The recent stories concerning the IPO of Facebook, in which huge amounts of money were lost very quickly, reminded me vividly of my own experience with an Internet start-up company. It took place well over a decade ago, but the results seem to me very similar. Arthur Brisbane, the “Public Editor” (formerly ombudsman) for the New York Times, wrote an article for the June 3 issue explaining that the Times had done a pretty good job of setting out the real situation with the Facebook IPO but that it could have done better for its readers who aren’t already financial experts. I coulda told ‘em.From 1980 until 1991, I worked as a DJ for WDST, in Woodstock, which was at the time a wonderful radio station appealing to many interests and vividly reflecting the character of its home town. I’ve written about this experience already in this series. When I left WDST, it was because my Sunday afternoon program was being eliminated and I knew that was the time when I reached the most people. (In 1987, an Arbitron survey revealed that my classical music program was reaching more listeners than the programs of any other Ulster County radio station, an unusual success.)

More than five years after I left WDST, I got a call from the program director, Richard Fusco. He was someone I had worked with, and while we weren’t exactly best buddies—he was the guy who yelled at me for playing music by Steve Reich, a few years before the owner asked me to interview Reich—I was willing to talk to him.

Richard outlined for me a grand project that the owner and staff of WDST were about to start. It was to be called Radio Woodstock, and it was going to be an Internet project with several simultaneous streams of programming coming from Woodstock and promoted to the outside world. Among the people he mentioned as having agreed to become part of the project were Richie Havens, one of the best-known musicians ever to live in Woodstock, and Randall Craig Fleischer, then and still music director of the Hudson Valley Philharmonic. I was particularly impressed that Fleisher had agreed to work for them, since I have great respect for the guy. He’s a superb musician.

I had a few questions, mostly about the hours and working conditions. Then I asked what the job was going to pay. “Not very much at first,” Richard told me, “but people who start out with Radio Woodstock are going to have a stake in it and eventually they will make a lot of money.”

“That’s interesting,” I replied, “but where is the money going to come from?”

Richard told me that several large music industry companies had already committed to investing millions of dollars in Radio Woodstock to get it off the ground.
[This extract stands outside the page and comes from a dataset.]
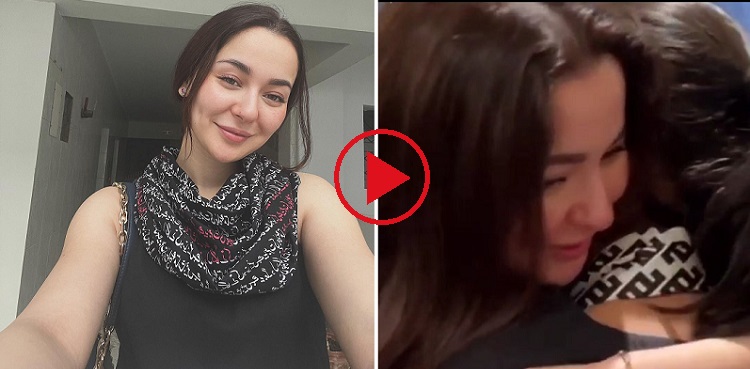 hania aamir fan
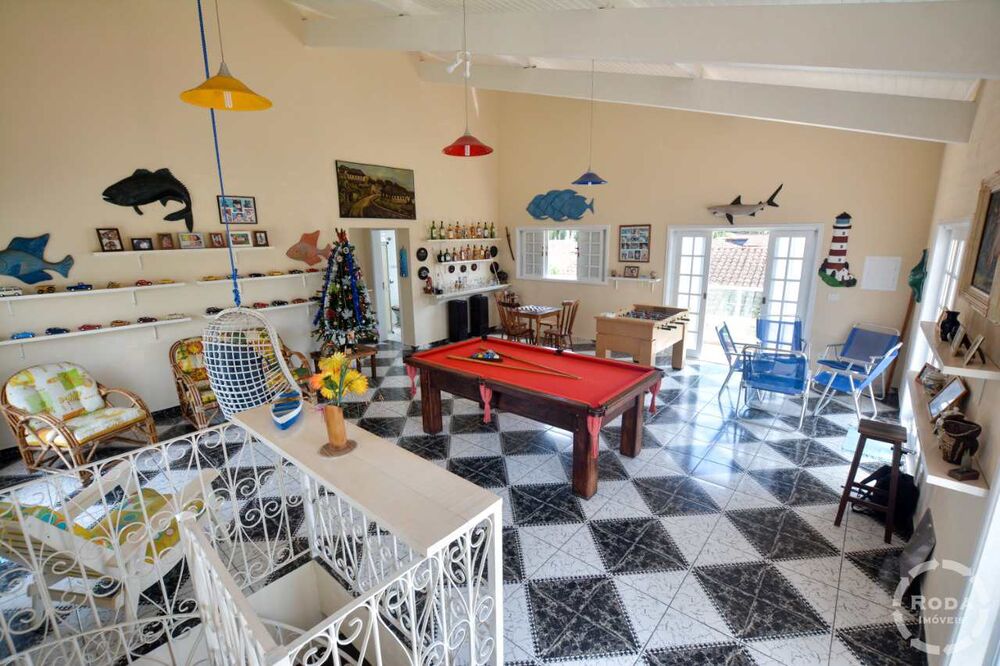 Sobrado, 4 quartos, 401 m² - Foto 11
I said I was impressed, but I still didn’t understand where the revenue stream was going to come from. “You can’t run advertising as part of the programming,” I said. “There are already so many Internet radio stations that as soon as ads come on people will switch to something else.”

Richard agreed. “We’ll run banner ads on the site,” he told me. That won’t raise very much, I said. He agreed with that, too, but said it was a start. “We’ll also sell the music we play,” he said. “People will be able to order CDs right on the website.” That sounded like a trivial source of income as well. When I asked where else the money was going to come from, Richard hesitated and couldn’t come up with a convincing answer.
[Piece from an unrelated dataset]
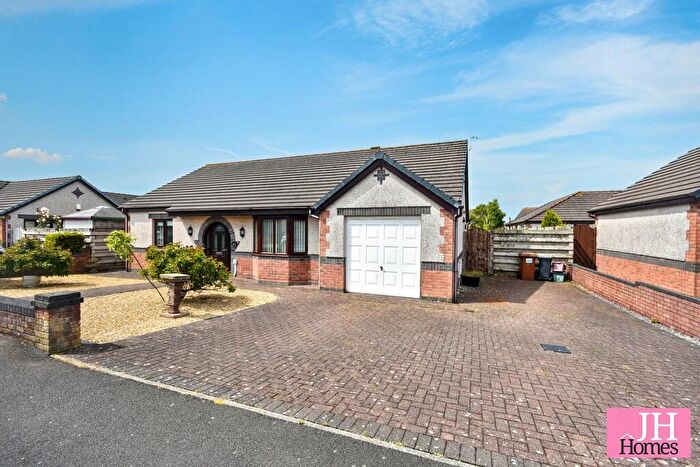 3 Bedroom Detached Bungalow For Sale In Teal Close, Askam-in-Furness, Cumbria, LA16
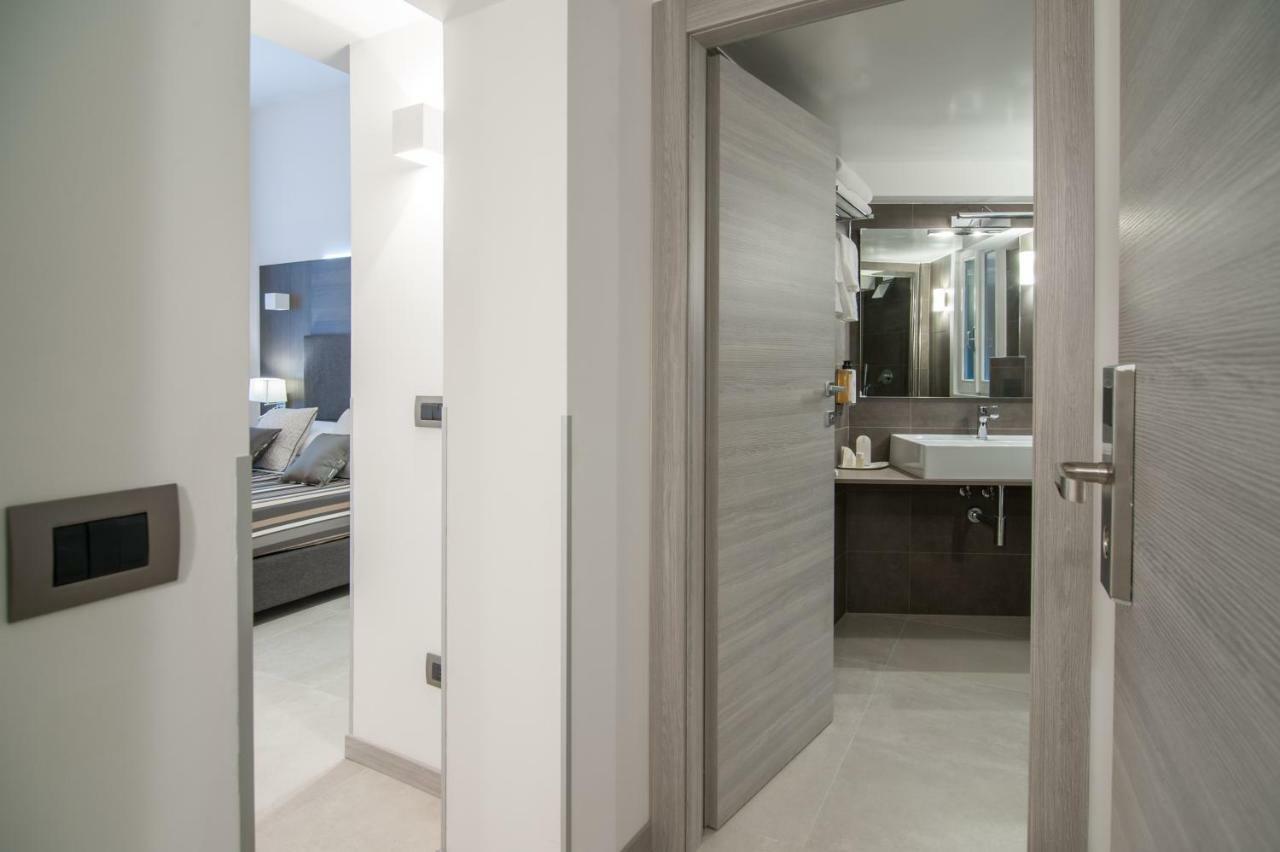 Wellness Home Róma Kültér fotó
For that reason, I decided not to get involved in Radio Woodstock. I just couldn’t understand where the money to support it was going to come from. I guess nobody else did, either. Radio Woodstock ran through most of the millions of dollars in three years, and then had to shut down most of its operations. Nobody got rich. (It still runs three audio streams, one of which is the current WDST broadcast.)

When I think back on this whole episode, I think it reflects a great deal about the difficulties of making money on Internet enterprises that don’t offer physical goods for sale. Amazon makes a fortune, but Facebook, despite its billion users, seems to be struggling. (I believe Facebook makes most of its income peddling its users’ information to advertisers, which is why I don’t use it.)

In fact, it seems to me that Radio Woodstock was a perfect set-up for a scam like the one in Mel Brooks’s “The Producers.” Get a lot of investment, use only some of it, and then tell all the investors that all the money has been lost. Perhaps that was the story of Radio Woodstock. But, being an honest person myself, I prefer to believe that the money was lost through honest stupidity.


It’s not often I run into one of the world’s greatest ballerinas in a parking lot and she calls me by name. But there is one such creature, and she figures prominently in what I call my “bullshit resume.” I danced with her!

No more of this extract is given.